From the database, we identified 342 patients receiving CNB. 37/342 (11%) were receiving CNB as monotherapy. The 28/37 patients who had observation periods exceeding six months were selected for further analysis. The median CNB maintenance dose after titration was 200mg (150 – 400 mg) and was accompanied by down-titration of other ASMs. The most frequent reasons for transitioning to CNB monotherapy were poor seizure control (75%), ASM intolerance (13%), or simplification of polytherapy (10%). In only one patient was CNB started as a monotherapy.
Of the 14/28 patients who had an observation period exceeding 12 months, 8/14 were seizure free more than 12 months. 2/14 were seizure free 6-12 months. 1/14 was seizure free three months. 3/14 had a seizure < one month before last observation period.

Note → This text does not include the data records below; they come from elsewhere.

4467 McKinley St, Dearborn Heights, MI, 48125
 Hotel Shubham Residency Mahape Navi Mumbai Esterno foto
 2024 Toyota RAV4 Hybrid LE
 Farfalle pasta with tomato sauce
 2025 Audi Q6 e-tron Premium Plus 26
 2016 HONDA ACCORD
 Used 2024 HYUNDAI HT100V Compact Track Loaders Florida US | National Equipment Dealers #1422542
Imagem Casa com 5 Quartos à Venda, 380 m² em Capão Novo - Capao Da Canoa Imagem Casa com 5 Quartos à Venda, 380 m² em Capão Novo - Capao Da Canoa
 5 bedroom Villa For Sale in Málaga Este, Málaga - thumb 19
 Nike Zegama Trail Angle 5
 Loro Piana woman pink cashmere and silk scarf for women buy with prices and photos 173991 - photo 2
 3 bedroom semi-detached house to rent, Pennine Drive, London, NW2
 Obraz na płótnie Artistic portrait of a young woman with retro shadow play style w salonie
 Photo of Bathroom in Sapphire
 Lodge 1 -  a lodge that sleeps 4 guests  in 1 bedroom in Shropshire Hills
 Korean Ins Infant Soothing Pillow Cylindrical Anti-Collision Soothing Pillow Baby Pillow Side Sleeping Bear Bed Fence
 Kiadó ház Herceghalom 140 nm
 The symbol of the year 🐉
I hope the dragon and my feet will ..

Of the 14/28 patients had observation period of 6-12 months, 10/14 were seizure free during the observation period, while 2/14 had a seizure one to six months, 2/14 had a seizure < one month before last observation period. Overall, 65% (18/28) of CNB monotherapy patients observed longer than six months were seizure free during the observation period.
Prior to transition to monotherapy, 4% of the patients had taken three ASMs, 13% were taking two ASMs, and 50% were on monotherapy with a different ASM. The ASMs most frequently prescribed were lacosamide (41%), levetiracetam (21%), oxcarbazepine (13%), divalproex or valproic acid (8%).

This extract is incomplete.